Finish it. |
Isn't that a wonderful question to have as a writer!
Writing book one took all of me, at least everything I was to the point I finished it, which was 2010. I came up with the idea for book two about a year before that, in 2009. My time from 2010 to 2012 was largely spent getting book one polished and published. All the while book two brewed and bubbled in my mind, busily evolving the bones of a story from the stew of imagination. In 2012 I started writing it. It is there, the bones, but in writing this second book I have learned a lot, not just of what it takes to craft the lives and dramas of whole new characters, but in the kind of writer I am.
From the moment I started writing properly in 2002, it has been a release valve. Reflected in the words are all my frustrations, hopes, dreads, loves and murderous rages. Most of all writing is a means for my emotions to be gently let out. Emotion for me, I have learned, is everything. I'm telling you now like I've always known this, the reality is it took a hard year of struggling. It has been a year of plotting and progressing slowly, driven now by the need for a second book to create a broader commercial canvas. Some of the writing has glowed but so much has been dry - words and actions strung around momentum in the name of a story.
Finishing book one really had taken all of me. Everything had been expelled in creating Sarah Sawacki's story, the emotions of my imagination given colour by the books, images, video and music, were all now part of that book. Very little remained inside of me.
Fortunately this is a restless mind. I have realised the struggling isn't so much that I haven't got another book in me, it's that I'm busy creating a whole load of new imagination to pour into book two. The research has been as much discovering the content and colour of the emotions as it has the technical detail. This is after-all a learning process, I'm coming to understand it always will be.

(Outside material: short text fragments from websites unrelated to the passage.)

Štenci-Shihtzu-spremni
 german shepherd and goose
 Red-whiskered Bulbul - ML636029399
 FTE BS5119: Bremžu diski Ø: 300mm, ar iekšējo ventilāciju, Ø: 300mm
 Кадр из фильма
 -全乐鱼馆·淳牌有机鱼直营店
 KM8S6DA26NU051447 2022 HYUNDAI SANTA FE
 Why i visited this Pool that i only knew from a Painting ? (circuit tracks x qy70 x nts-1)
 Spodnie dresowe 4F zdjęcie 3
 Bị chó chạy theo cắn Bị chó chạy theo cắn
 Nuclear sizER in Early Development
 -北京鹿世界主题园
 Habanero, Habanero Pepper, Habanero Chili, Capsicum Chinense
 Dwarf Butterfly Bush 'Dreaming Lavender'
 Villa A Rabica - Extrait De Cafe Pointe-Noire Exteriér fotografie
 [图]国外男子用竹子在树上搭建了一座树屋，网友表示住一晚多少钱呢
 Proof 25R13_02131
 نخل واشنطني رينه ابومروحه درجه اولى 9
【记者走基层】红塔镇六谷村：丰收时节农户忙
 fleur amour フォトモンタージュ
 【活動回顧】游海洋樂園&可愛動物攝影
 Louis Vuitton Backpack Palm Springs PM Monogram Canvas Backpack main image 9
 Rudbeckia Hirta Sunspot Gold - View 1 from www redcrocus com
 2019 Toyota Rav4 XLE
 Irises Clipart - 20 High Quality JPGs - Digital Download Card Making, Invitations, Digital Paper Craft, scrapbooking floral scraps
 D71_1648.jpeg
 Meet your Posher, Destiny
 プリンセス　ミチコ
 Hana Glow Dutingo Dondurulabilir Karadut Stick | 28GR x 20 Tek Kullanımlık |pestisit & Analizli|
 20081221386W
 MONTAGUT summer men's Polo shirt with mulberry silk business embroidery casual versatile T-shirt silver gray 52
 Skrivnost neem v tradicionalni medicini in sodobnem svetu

Book two is about a man who makes a living protecting people, coming to terms with the murder of his wife. It is about him discovering why. It is now busily being animated, the dry words given emotional colour. It is being written because I care for the story, it is being crafted for a commercial audience to share and enjoy, not just so I can expand my canvass of work. Book three will be the next stage in Sarah Sawacki's story. I'm very keen to find out how much of what went into her first story will be there for me again. We will see.